The tragic passing of Sir Roger Moore today has us casting our minds back to Bond’s own attempt to capitalise on space mania after Star Wars rocked the box office. After The Spy Who Loved Me, series producers had intended to adapt For Your Eyes Only, but the enormous success of Star Wars prompted a change in direction, and so Moonraker was instead chosen for Moore’s fourth Bond film.

Looking Back At Moonraker’s Wild Attempt To Turn James Bond Into Star Wars
Original Moonraker poster art by Dan Goozee.

Original Moonraker poster art by Dan Goozee.

Except, despite the decidedly spacey title, Fleming’s original novel is not sci-fi at all — in fact, at the time of its release, it was infamous for being set entirely in England. Fans were annoyed at the lack of exotic locales in the book’s story, which revolved around turncoat industrialist Hugo Drax attempting to use a missile defence system he designed for the British Government to nuke London. The movie lifted the title, Drax as a villain, and then very little else, in order to make Drax’s plans for evil have some out-of-this-world scale… literally, because Moonraker decided to set its climax aboard a space station orbiting Earth.
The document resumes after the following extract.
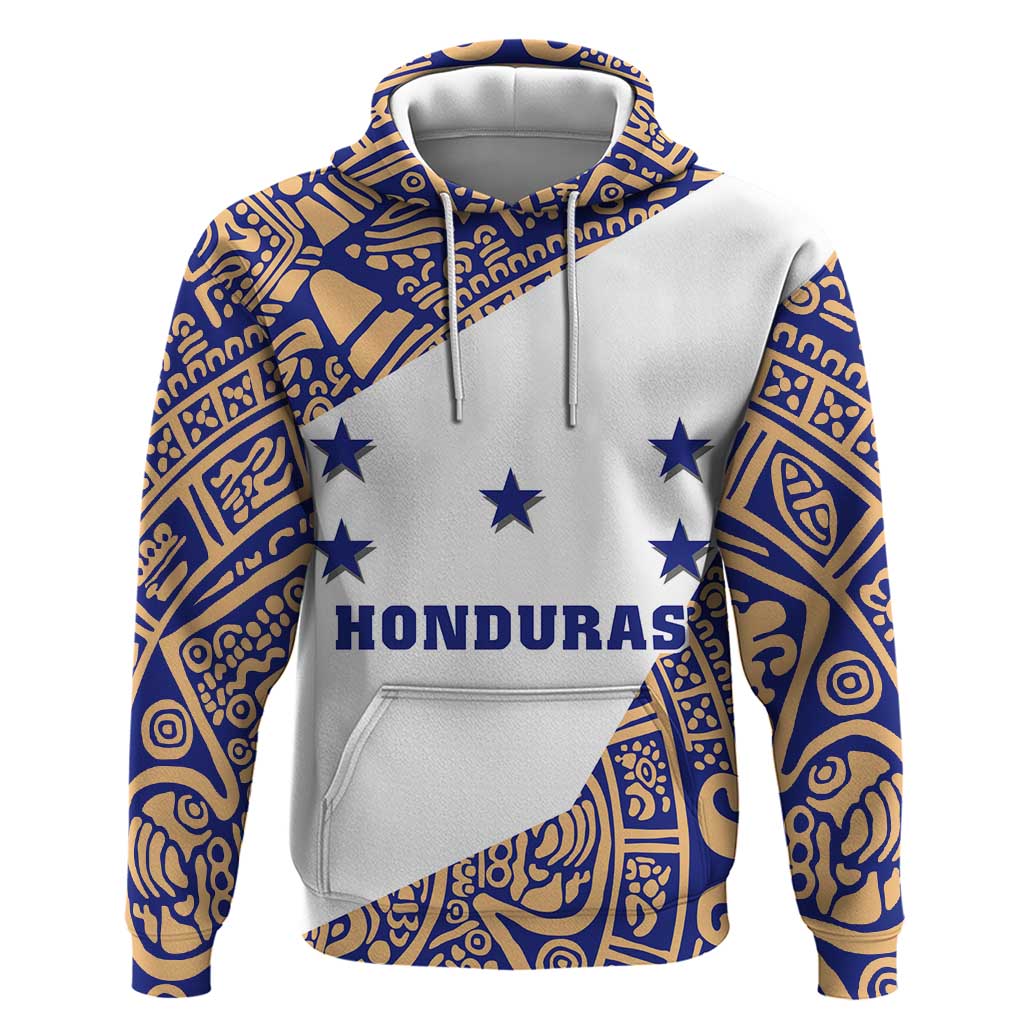 Honduras Hoodie National Emblem Blended with Traditional Patterns - Cultural Heritage Design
What followed was one of the craziest suspensions of disbelief in Bond history, as Bond, his buxom companion Holly Goodhead, and even villain-turned-ally Jaws battled to stop the villain from launching nerve gas into Earth’s atmosphere… while the United States sent a platoon of Marines up to space to combat Drax’s henchmen in a zero-g laser gun fight.

It’s completely wild, and quite unlike anything Bond had ever attempted before — or likely ever will. Astronauts vs. fascists in a laser-strewn space battle would be absurd for a lot of franchises, let alone one as often more serious as James Bond, but it did it anyway. And it looked pretty damn cool, despite the absurdity.

Moonraker might not be the best Bond movie — it might not even be the best of Moore’s time with the Bond mantle. But all these years later, its goofy charm perhaps best represents the joyful camp that Moore brought to his role as 007, something we will always remember now that he’s gone.